— ACTION ITEM —
Exactly reproduce the lines from the line bearing "A glass jar" through the end of the listing, inclusive of both; pictures are to be omitted.
#### RECORDED DATA ####
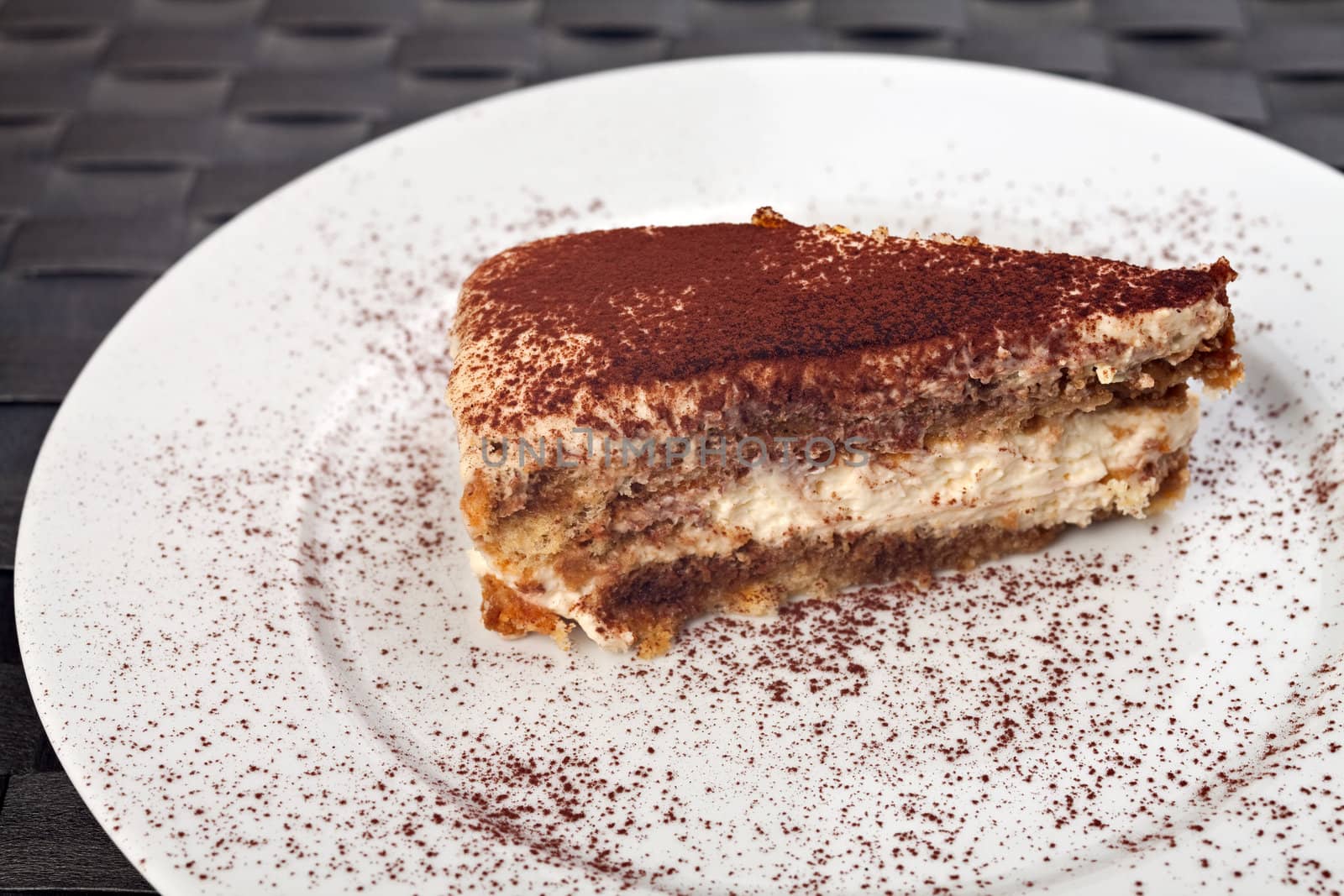 slice of a tiramisu cake on a white plate by bernjuer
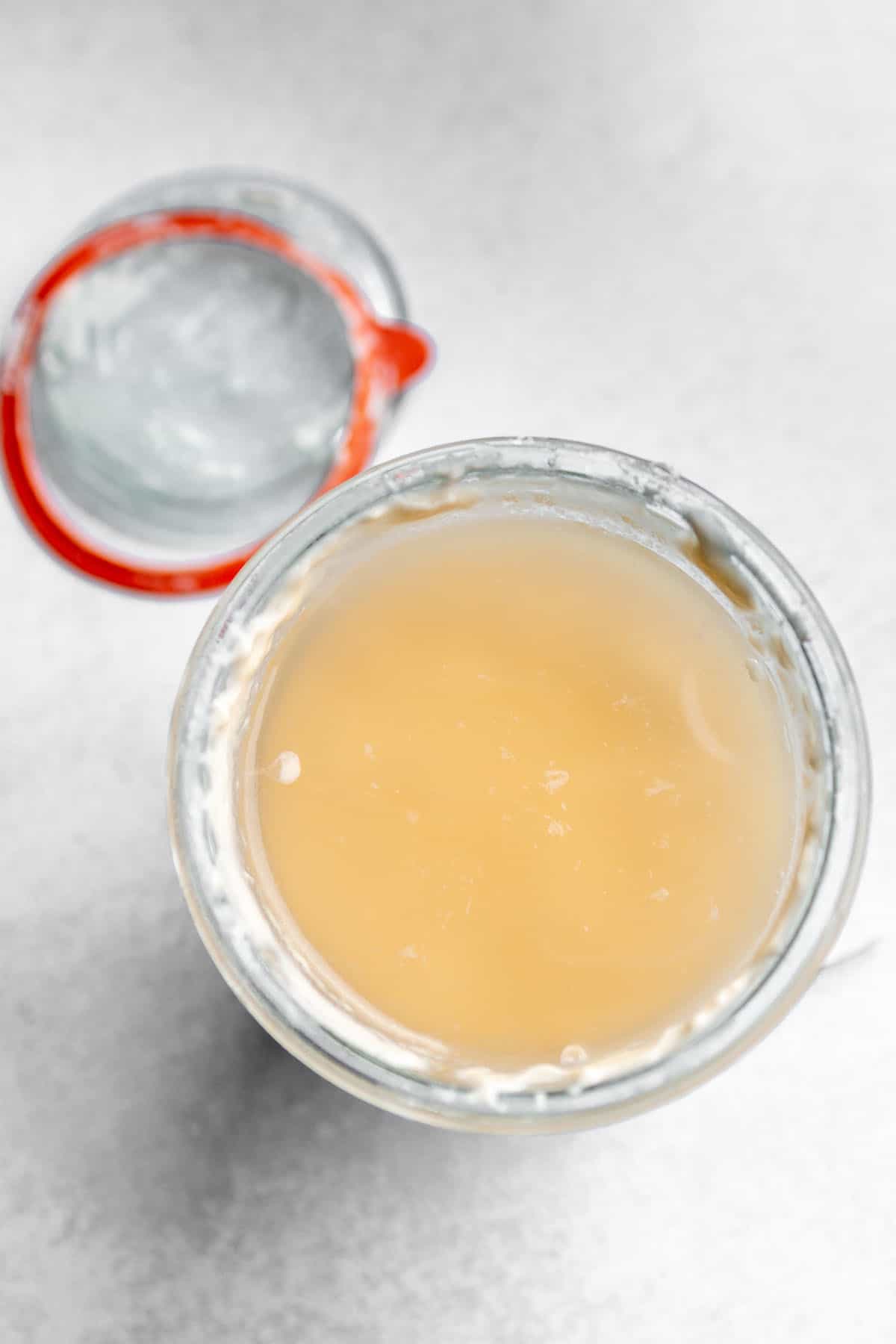 A glass jar with a sourdough starter and a lid with a rubber ring.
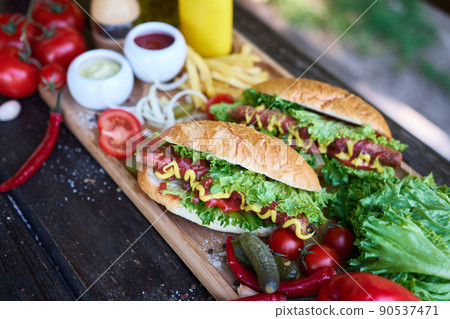 BBQ hot dog served with vegetables and French fries and sauces on wooden serving board 90537471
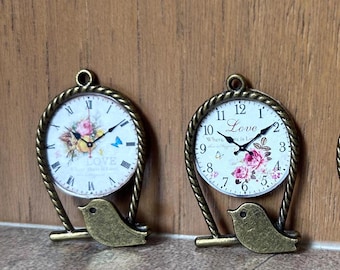 May include: Two bronze-toned metal pendants shaped like clocks with a bird perched on a rope-textured frame. The left clock features Roman numerals and a floral design with a blue butterfly. The right clock displays Arabic numerals and the word Love.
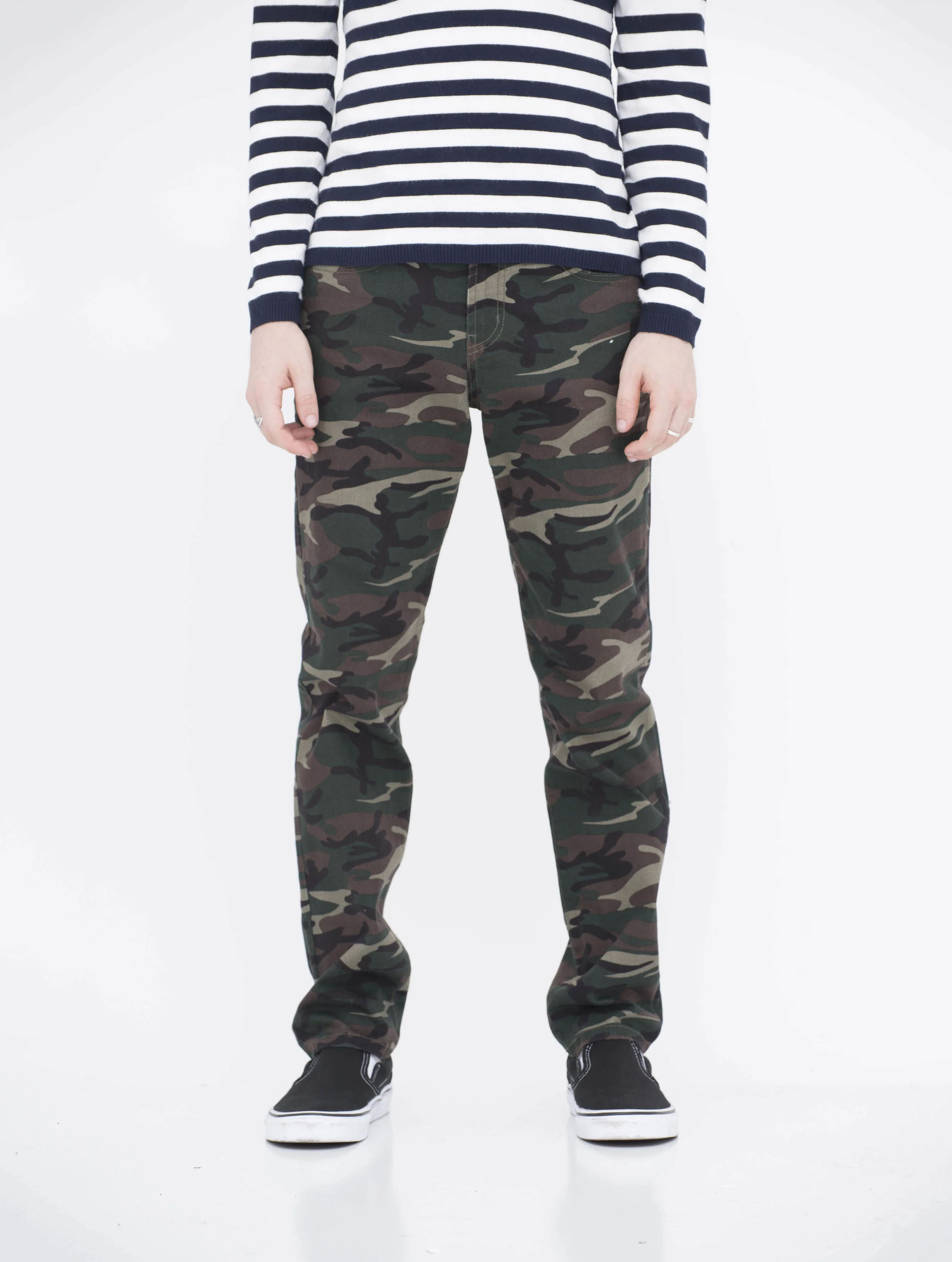 Front view of model in camo green neo blue skinny jeans.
####
— EXPECTED ANSWER —
 A glass jar with a sourdough starter and a lid with a rubber ring.
 BBQ hot dog served with vegetables and French fries and sauces on wooden serving board 90537471
 May include: Two bronze-toned metal pendants shaped like clocks with a bird perched on a rope-textured frame. The left clock features Roman numerals and a floral design with a blue butterfly. The right clock displays Arabic numerals and the word Love.
 Front view of model in camo green neo blue skinny jeans.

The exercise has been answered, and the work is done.